Re: Soft commit and reading data just after the commit

2016-12-18 Thread Erick Erickson
1 ms autocommit is far too frequent. And it's not
helping you anyway.

There is some lag between when a commit happens
and when the docs are really available. The sequence is:
1> commit (soft or hard-with-opensearcher=true doesn't matter).
2> a new searcher is opened and autowarming starts
3> until the new searcher is opened, queries continue to be served by
the old searcher
4> the new searcher is fully opened
5> _new_ requests are served by the new searcher.
6> the last request is finished by the old searcher and it's closed.

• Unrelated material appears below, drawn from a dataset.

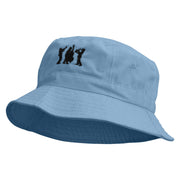 Jazz Musician Band Embroidered Bucket Hat - Lt-Denim OSFM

So what's probably happening is that you send docs and then send a
query and Solr is still in step <3>. You can look at your admin UI
pluginst/stats page or your log to see how long it takes for a
searcher to open and adjust your expectations accordingly.

If you want to fetch only the document (not try to get it by a
search), Real Time Get is designed to insure that you always get the
most recent copy whether it's searchable or not.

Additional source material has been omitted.